> **Exercise aim**: Using the records below, output the stretch that opens with the line containing "FILE - In this" and closes with the line containing "A cozy sitting", exactly and including both lines, with nothing more.

> **Data provided**:
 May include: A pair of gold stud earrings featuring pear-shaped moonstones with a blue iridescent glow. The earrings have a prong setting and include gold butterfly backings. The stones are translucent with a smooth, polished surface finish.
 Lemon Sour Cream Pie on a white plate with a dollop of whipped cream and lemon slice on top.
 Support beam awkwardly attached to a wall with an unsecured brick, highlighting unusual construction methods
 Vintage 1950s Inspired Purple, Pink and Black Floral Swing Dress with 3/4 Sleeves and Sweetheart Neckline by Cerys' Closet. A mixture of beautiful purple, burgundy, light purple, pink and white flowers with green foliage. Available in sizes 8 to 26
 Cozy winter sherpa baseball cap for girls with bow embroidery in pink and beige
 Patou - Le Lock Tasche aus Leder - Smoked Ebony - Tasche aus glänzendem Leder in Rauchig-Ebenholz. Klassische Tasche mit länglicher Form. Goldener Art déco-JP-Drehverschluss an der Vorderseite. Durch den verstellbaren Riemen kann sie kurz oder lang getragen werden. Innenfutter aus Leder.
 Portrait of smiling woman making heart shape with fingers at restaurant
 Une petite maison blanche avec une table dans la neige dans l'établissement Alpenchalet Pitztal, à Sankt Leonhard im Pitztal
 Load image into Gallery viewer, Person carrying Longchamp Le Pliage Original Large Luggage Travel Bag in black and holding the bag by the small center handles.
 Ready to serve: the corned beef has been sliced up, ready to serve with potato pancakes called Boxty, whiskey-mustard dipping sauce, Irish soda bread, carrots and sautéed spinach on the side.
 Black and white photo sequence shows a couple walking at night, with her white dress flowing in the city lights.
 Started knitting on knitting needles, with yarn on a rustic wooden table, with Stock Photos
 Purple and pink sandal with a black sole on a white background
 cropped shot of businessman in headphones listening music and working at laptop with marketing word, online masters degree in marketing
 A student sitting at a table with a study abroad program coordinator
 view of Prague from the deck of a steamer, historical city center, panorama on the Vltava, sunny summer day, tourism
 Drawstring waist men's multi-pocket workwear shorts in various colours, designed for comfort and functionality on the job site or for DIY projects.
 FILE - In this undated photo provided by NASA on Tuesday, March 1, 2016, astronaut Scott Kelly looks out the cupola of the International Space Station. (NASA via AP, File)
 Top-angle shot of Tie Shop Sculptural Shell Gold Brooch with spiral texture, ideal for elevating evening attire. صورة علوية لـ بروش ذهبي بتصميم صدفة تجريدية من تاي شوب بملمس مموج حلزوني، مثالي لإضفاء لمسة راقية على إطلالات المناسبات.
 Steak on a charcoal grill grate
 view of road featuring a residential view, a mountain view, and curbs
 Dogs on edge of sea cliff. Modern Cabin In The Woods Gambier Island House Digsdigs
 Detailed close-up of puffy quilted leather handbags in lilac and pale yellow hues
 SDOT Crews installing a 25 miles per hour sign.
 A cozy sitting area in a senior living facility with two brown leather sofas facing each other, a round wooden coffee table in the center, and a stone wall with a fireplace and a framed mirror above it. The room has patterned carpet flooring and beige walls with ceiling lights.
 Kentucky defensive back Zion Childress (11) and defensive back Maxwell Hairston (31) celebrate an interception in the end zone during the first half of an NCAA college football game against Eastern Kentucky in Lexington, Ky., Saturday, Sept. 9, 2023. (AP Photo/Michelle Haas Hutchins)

> **Task response**:
 FILE - In this undated photo provided by NASA on Tuesday, March 1, 2016, astronaut Scott Kelly looks out the cupola of the International Space Station. (NASA via AP, File)
 Top-angle shot of Tie Shop Sculptural Shell Gold Brooch with spiral texture, ideal for elevating evening attire. صورة علوية لـ بروش ذهبي بتصميم صدفة تجريدية من تاي شوب بملمس مموج حلزوني، مثالي لإضفاء لمسة راقية على إطلالات المناسبات.
 Steak on a charcoal grill grate
 view of road featuring a residential view, a mountain view, and curbs
 Dogs on edge of sea cliff. Modern Cabin In The Woods Gambier Island House Digsdigs
 Detailed close-up of puffy quilted leather handbags in lilac and pale yellow hues
 SDOT Crews installing a 25 miles per hour sign.
 A cozy sitting area in a senior living facility with two brown leather sofas facing each other, a round wooden coffee table in the center, and a stone wall with a fireplace and a framed mirror above it. The room has patterned carpet flooring and beige walls with ceiling lights.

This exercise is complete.